Dataset records:

—————

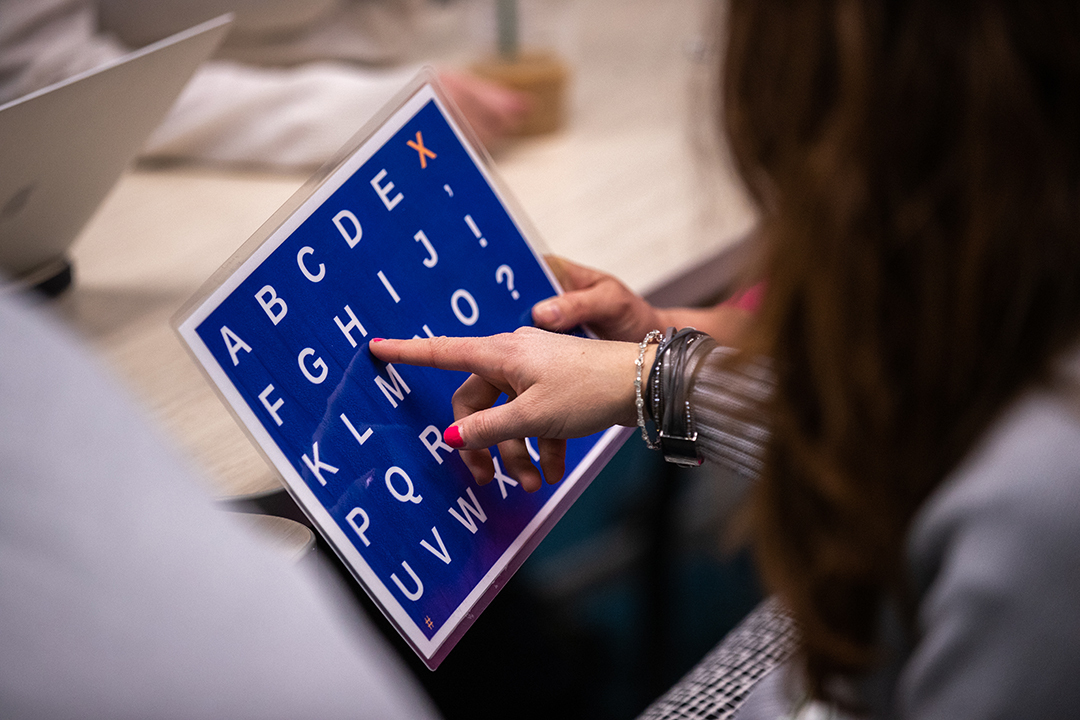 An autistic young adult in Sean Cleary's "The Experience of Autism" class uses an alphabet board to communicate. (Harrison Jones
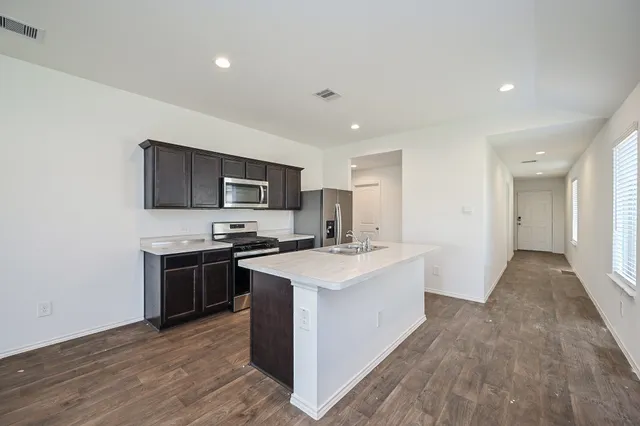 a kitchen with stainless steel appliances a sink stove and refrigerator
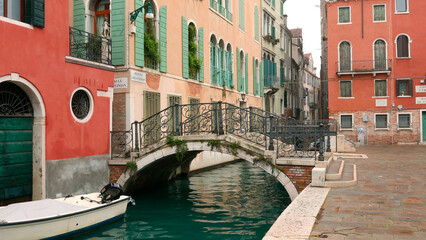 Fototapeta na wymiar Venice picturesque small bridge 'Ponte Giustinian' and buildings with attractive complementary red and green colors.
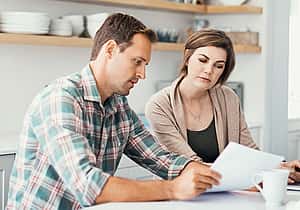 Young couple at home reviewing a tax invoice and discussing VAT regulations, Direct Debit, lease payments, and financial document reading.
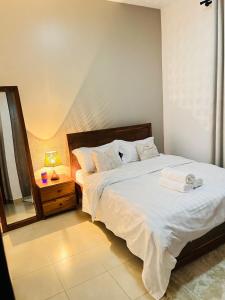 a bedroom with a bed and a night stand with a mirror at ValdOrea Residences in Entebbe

—————

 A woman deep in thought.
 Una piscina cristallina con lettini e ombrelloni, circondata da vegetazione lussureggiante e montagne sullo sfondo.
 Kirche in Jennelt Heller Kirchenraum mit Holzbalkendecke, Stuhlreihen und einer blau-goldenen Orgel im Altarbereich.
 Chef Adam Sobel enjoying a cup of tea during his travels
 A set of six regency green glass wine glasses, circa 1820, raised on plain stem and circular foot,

—————

__Task__
Every line above from the line with "Una piscina cristallina" to the line with "Chef Adam Sobel", inclusive, must be returned exactly; no other line belongs in the reply.

__Answer below__
 Una piscina cristallina con lettini e ombrelloni, circondata da vegetazione lussureggiante e montagne sullo sfondo.
 Kirche in Jennelt Heller Kirchenraum mit Holzbalkendecke, Stuhlreihen und einer blau-goldenen Orgel im Altarbereich.
 Chef Adam Sobel enjoying a cup of tea during his travels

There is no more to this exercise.